W-w-what? W-what?! Fuck you man

Nice 6 posts bro. Get the fuck out.

@Jayzilla: Kind of a weird thing to be stoked about.

I changed my password. Though I haven't played anything in a while and am starting to not care about Blizz games.

ok, so we EU users don't need to change our passwords (probably should though)?

August 4 does seem to correlate pretty well to a huge bump in the amount of spam I've been recieving. Instead of around 10 a day it seems to be around 3-5 per hour now.

@G0rd0nFr33m4n said:

@Rawson said:

All the more reason to get a fucking authenticator.

You think a company failing to keep your info safe deserves more of your hard earned cash ? ... For failing ? No no! I'll change my password and not give them money, thank you very much.

Actually, the $6 authenticator is sold at cost, since it saves them money in the long run by not having to deal with idiots losing their accounts to phishing schemes.

If $6 is too much for you to spend, then there's also the smartphone and SMS authenticator methods.

August 4th this happened, we hear about this on the 9th, and even then it still isn't listed on Blizzards main site page. Fucking disgusting. I know I should blame the hackers but when a company charges for a goddamn authenticator AND doesn't notify it's customers that an intrusion took place until 5 days later I really really have a problem with that company. I don't fucking care if they didn't know what was compromised the simple fact is that an intrusion took place and they should HAVE to notify their customers on the day that it takes place.

I'm getting sick of this shit. Now I have to monitor my finances, website accounts, and my email account all because they're fucking morons more interested in saving face rather than looking after their customer.
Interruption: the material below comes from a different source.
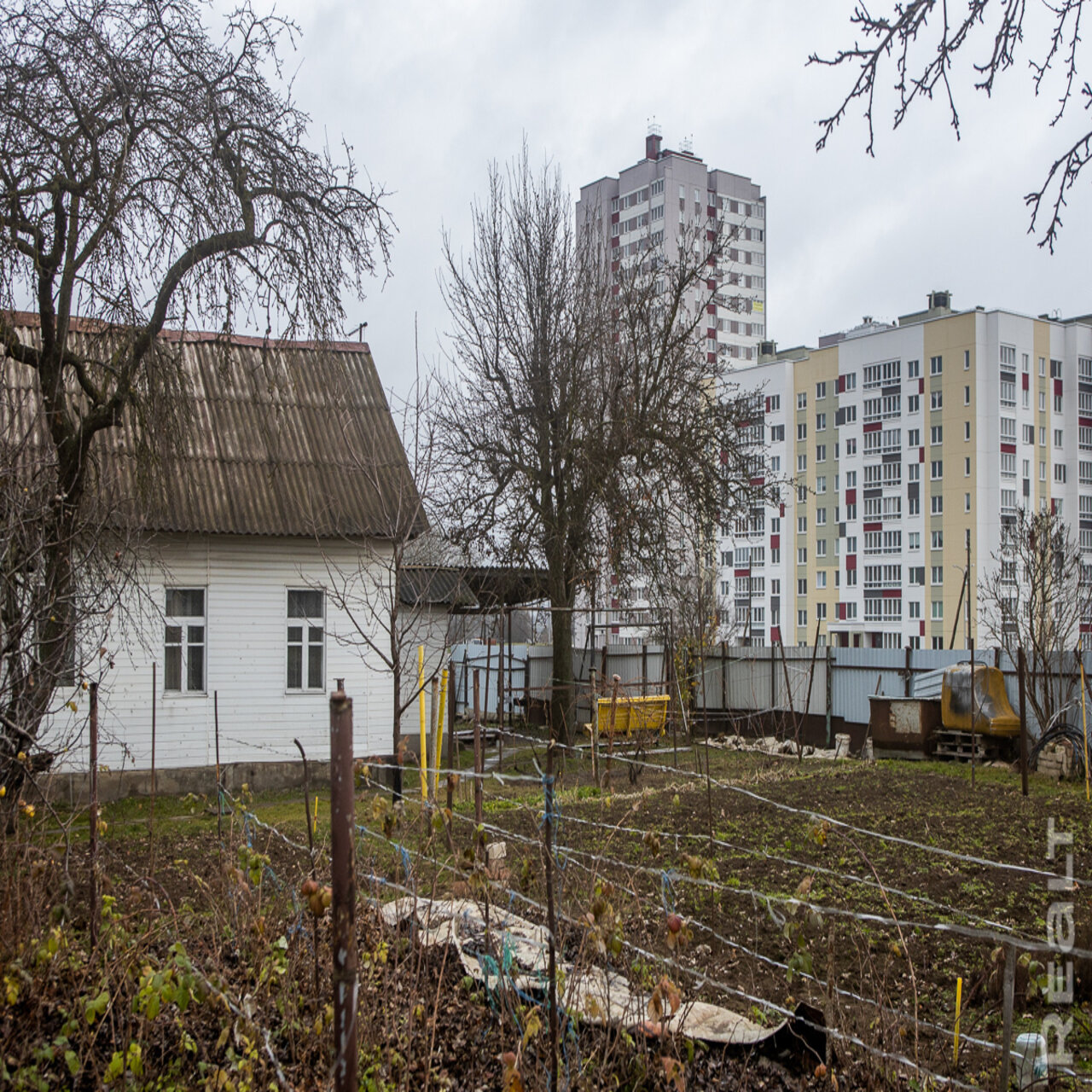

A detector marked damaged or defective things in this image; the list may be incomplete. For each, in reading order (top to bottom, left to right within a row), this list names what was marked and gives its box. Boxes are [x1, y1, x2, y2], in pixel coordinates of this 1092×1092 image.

rusty metal post [325, 677, 356, 1087]
rusty metal post [541, 738, 559, 1087]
I'm going to say it now, there needs to be legislation in the United States, Canada, the EU, the UK, and everywhere else that states when a company experiences any digital intrusion of any kind they must inform their customers at once. Period. If they don't they should face harsh fines upwards of 100,000 dollars. No more of this waiting for 5 days bullshit. It isn't fucking right, and they're only doing it because they want to preserve their value on the NYSE.

@Bell_End said:

this is why we need biometrics as security pronto. nobody would be able to hack my face

Don't say that, because next we'll just have people taking our faces with hacksaws to access our Amazon discount codes.

@AiurFlux said:

August 4th this happened, we hear about this on the 9th, and even then it still isn't listed on Blizzards main site page. Fucking disgusting. I know I should blame the hackers but when a company charges for a goddamn authenticator AND doesn't notify it's customers that an intrusion took place until 5 days later I really really have a problem with that company. I don't fucking care if they didn't know what was compromised the simple fact is that an intrusion took place and they should HAVE to notify their customers on the day that it takes place.

I'm getting sick of this shit. Now I have to monitor my finances, website accounts, and my email account all because they're fucking morons more interested in saving face rather than looking after their customer.
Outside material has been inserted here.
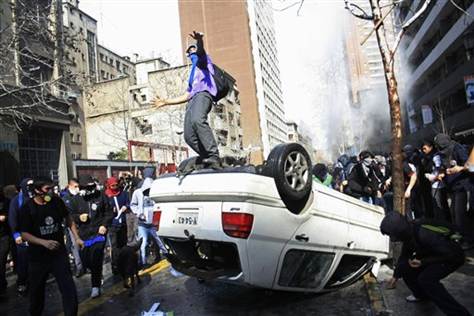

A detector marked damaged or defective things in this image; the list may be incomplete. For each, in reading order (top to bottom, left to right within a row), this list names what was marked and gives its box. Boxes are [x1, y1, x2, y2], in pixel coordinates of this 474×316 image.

overturned white car [151, 144, 388, 292]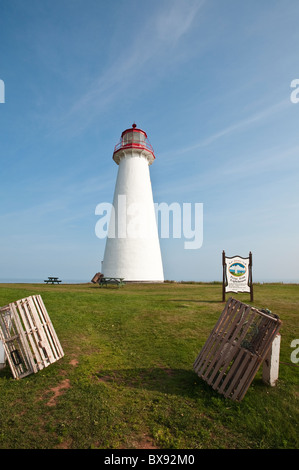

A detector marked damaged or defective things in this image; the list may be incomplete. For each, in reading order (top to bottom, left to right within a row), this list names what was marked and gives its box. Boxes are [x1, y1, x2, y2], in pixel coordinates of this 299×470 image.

broken wooden crate [0, 296, 63, 380]
broken wooden crate [193, 298, 282, 400]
I'm going to say it now, there needs to be legislation in the United States, Canada, the EU, the UK, and everywhere else that states when a company experiences any digital intrusion of any kind they must inform their customers at once. Period. If they don't they should face harsh fines upwards of 100,000 dollars. No more of this waiting for 5 days bullshit. It isn't fucking right, and they're only doing it because they want to preserve their value on the NYSE.
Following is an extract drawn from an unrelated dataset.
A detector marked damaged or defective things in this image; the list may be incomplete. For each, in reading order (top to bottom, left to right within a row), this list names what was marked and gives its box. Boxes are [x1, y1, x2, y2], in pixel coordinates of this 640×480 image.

I wish someone in this thread would put the facts together instead of going off like a crazy person here. Blizzard responded in an extremely measured way here. They first went into lockdown, which is what you do. It sounds like they saw this in near real-time, which means that they have reasonable protections and effective monitoring in place. They then, after completing what was likely an insanely complicated assessment of the situation, explained this to their customers.

It is counterproductive to require any firm to immediately inform on a breach because that can indicate a current vulnerability. This is why software firms avoid announcing compromises for their software until they patch them.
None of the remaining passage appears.